On 9/13/06, [EMAIL PROTECTED] <[EMAIL PROTECTED]> wrote:
> There is a continuum from subsidies to taxes and the final level can
> depend on more than one factor. I don't see a problem with governments
> saying that CO2 exactly offsets the benefits of coal (or nearly enough
> so, administration costs mean that 0 is the appropriate rate even when
> the offsetting yields a value slightly above or below 0).
The problem is not that 0 is excluded a priori. The problem is that 0
is bad policy once we consider the actual evidence.
>From the climate change and ocean chemistry points of view, a ton of
carbon is a ton of carbon; hence the environmental costs are
equivalent. On the short-run geopolitical calculus, you argue, I
think, that coal is preferable because it is plentiful (and hence
available in sufficient quantities from more stable and mature
countries). In the long run, though, coal is the far greater threat
for exactly the same reason, its abundance. If we tax other fossil
fuels relative to coal we encourage building infrastructure that
depends upon coal, making it even harder to move away from it.

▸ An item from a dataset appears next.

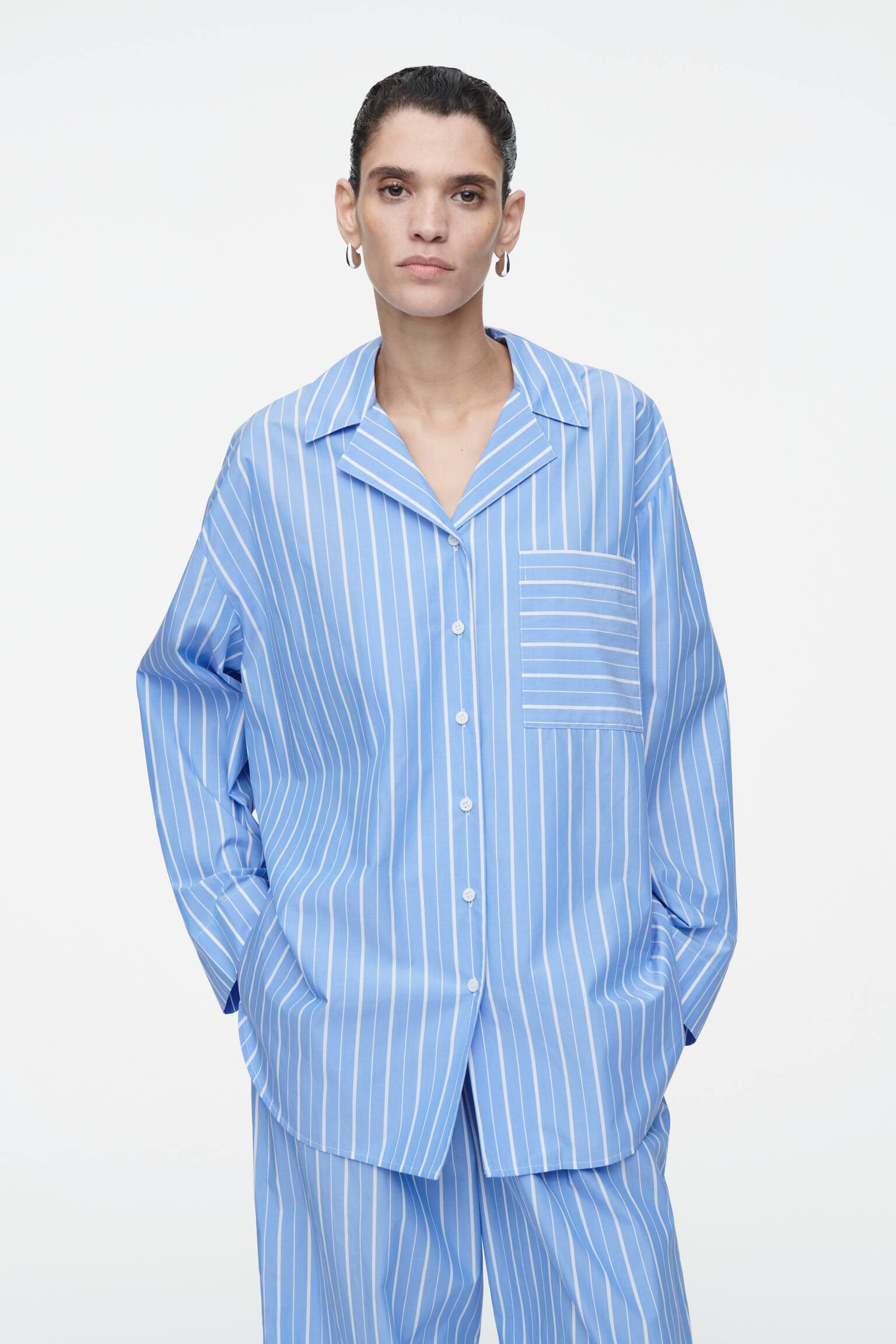 PINSTRIPED COTTON PYJAMA SHIRT - BLUE / PINSTRIPED - 1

But it's coal that provides the bulk of our carbon fuel inventory. A
world in which all the petroleum and methane have been burned over the
next few centuries will be a dramatically changed one, but it may not
be catastrophic. On the other hand, a world in which all the coal has
been consumed on that time scale will likely be disastrous on a scale
that surpasses even a massive exchange of nuclear weapons. We simply
must not dig up all the coal.
In addition, coal provides substantially less energy per ton of CO2.

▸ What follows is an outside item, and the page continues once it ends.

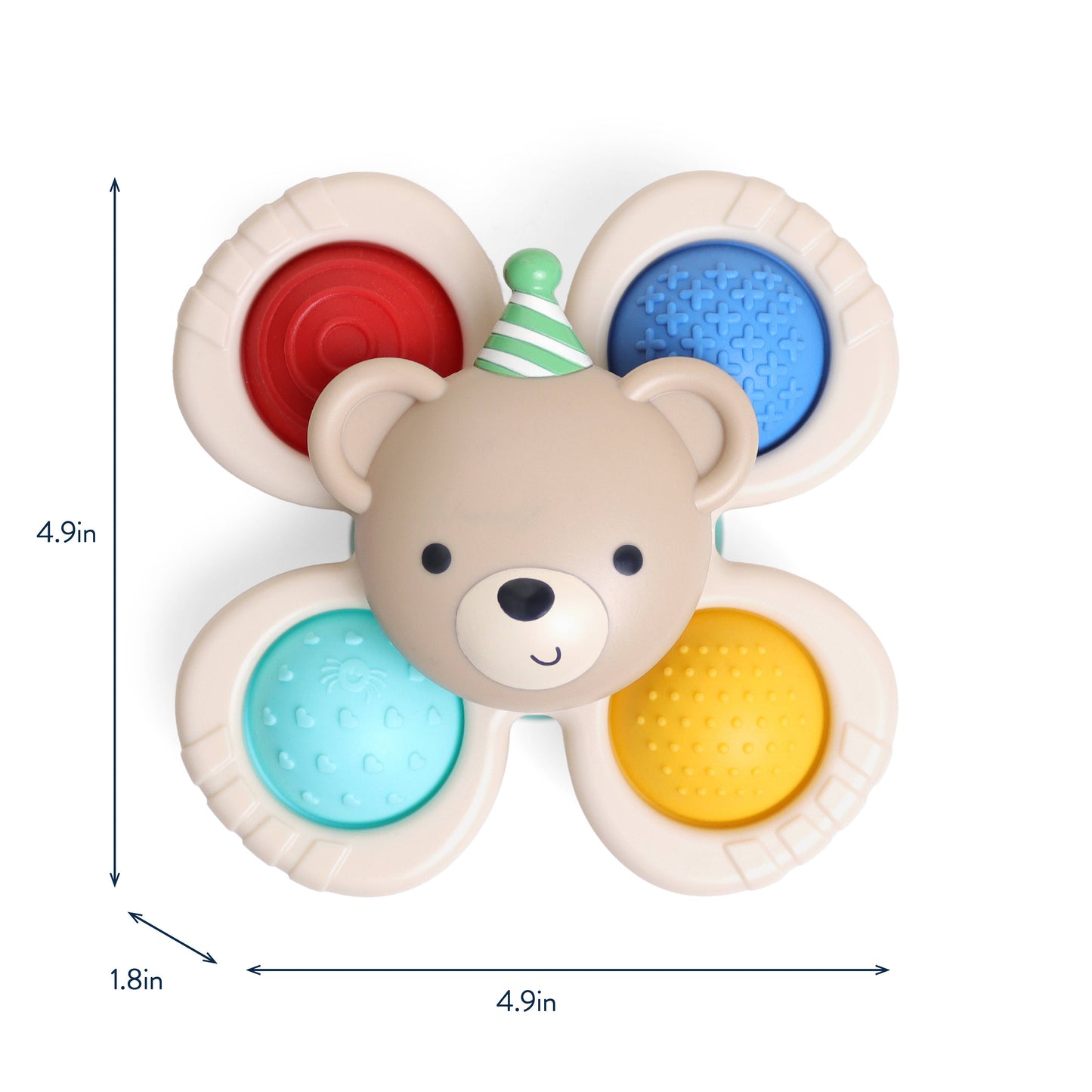 A baby sensory toy shaped like a bear face surrounded by four flower petals with textured color circles in red, blue, light blue, and yellow. Black dimension lines and text indicate measurements of 4.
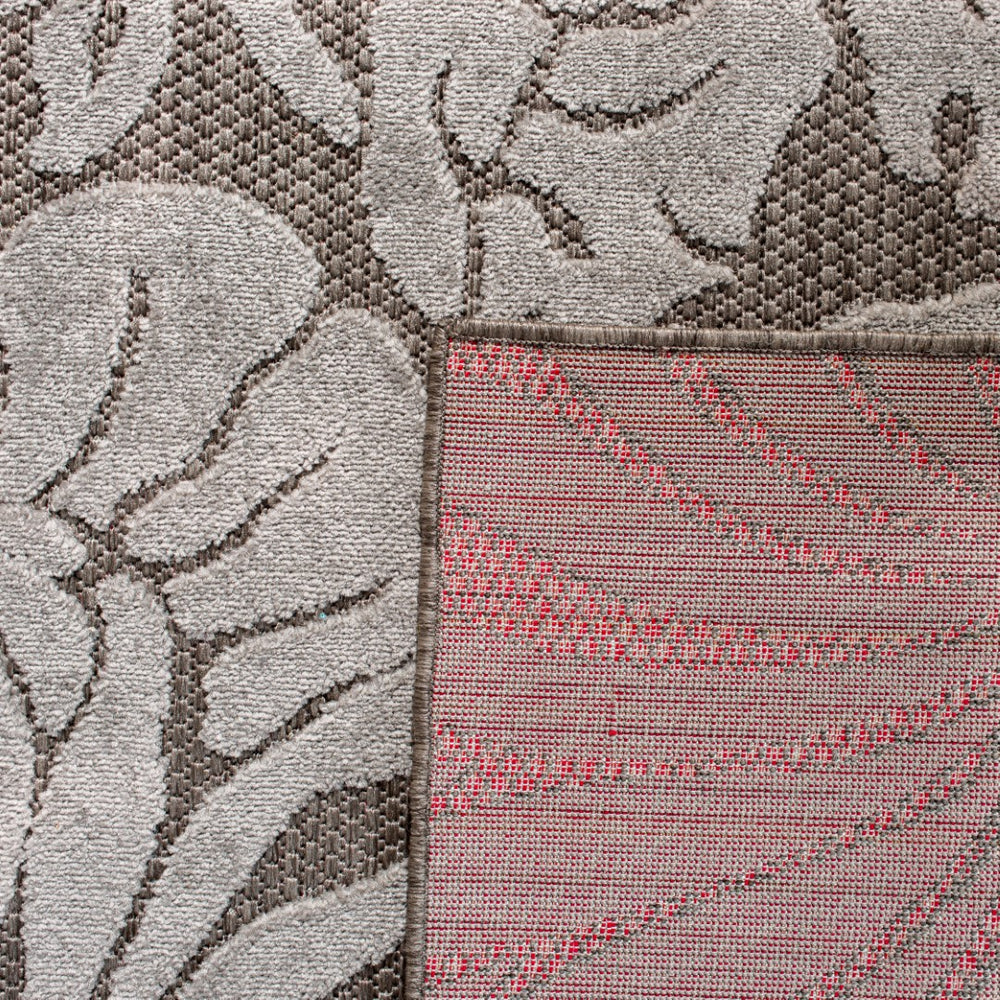 Safavieh Monroe Leaf Outdoor Power Loomed Rug Cement 5'-3" x 7'-7"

Perhaps this is redundant: it's why a carbon tax shifts us away from
coal after all. However, in the planetary view, a preference for coal
to petroleum is sheer lunacy, as it yields fewer benefits and more
costs.
You argue for the cost/benefit calculations of individual countries.

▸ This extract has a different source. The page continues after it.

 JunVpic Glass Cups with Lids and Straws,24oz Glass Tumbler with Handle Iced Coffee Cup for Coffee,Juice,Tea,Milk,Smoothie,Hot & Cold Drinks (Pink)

This is very like the libertarian fallacy which assumes that the best
policy for the nation is simply the aggregate of the best policy for
individuals. It is very easy to identify important examples where this
is not the case. Similarly, the best policy for the world is not the
aggregate of the best policy of its individual nations. That is
precisely the nut of the problem.
By reasserting parochial interests over the interests of the globe,
you are of necessity misallocating costs and benefits on a global
scale. It's always in my personal benefit to have cheap fuel: my
personal incremental impact on the climate system will always be
trivial. In a similar way, it may always be in the selfish interests
of any country to burn coal. The consequences of failing to reframe
the question in global terms are at the root of the trainwreck we see
coming.
There is time to hit the brakes, but I share Coby's pessimism that we
will have the maturity to manage. The train is on autopilot, and I see
your argument as encouraging the human engineers to remain asleep.
mt
--~--~---------~--~----~------------~-------~--~----~
You received this message because you are subscribed to the Google Groups
Global Change ("globalchange") newsgroup. Global Change is a public, moderated
venue for discussion of science, technology, economics and policy dimensions of
global environmental change.
Posts will be admitted to the list if and only if any moderator finds the
submission to be constructive and/or interesting, on topic, and not
gratuitously rude.
To post to this group, send email to [email protected]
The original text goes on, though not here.